§ Data in this exercise
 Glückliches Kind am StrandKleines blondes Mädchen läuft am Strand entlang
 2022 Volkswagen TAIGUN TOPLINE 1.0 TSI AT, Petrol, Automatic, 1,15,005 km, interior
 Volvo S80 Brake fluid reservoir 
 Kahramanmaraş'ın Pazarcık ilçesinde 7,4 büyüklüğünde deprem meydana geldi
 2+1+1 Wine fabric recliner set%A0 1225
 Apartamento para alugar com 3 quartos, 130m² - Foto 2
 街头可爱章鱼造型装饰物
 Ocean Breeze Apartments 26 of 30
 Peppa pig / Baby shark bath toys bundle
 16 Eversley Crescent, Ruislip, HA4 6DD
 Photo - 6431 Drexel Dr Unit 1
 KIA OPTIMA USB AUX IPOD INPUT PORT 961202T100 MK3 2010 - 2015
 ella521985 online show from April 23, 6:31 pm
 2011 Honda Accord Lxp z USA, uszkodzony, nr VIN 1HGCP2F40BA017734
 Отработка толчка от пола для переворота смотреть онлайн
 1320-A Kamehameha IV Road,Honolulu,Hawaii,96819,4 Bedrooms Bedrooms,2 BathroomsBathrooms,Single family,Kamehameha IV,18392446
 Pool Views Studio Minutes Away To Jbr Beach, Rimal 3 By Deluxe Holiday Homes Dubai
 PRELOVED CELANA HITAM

§ Work to complete
In the listing above, find the line with "Peppa pig / Baby shark bath toys bundle" and the line with "1320-A Kamehameha IV", then print exactly those two lines and every line between them, and nothing more.

§ Written response
 Peppa pig / Baby shark bath toys bundle
 16 Eversley Crescent, Ruislip, HA4 6DD
 Photo - 6431 Drexel Dr Unit 1
 KIA OPTIMA USB AUX IPOD INPUT PORT 961202T100 MK3 2010 - 2015
 ella521985 online show from April 23, 6:31 pm
 2011 Honda Accord Lxp z USA, uszkodzony, nr VIN 1HGCP2F40BA017734
 Отработка толчка от пола для переворота смотреть онлайн
 1320-A Kamehameha IV Road,Honolulu,Hawaii,96819,4 Bedrooms Bedrooms,2 BathroomsBathrooms,Single family,Kamehameha IV,18392446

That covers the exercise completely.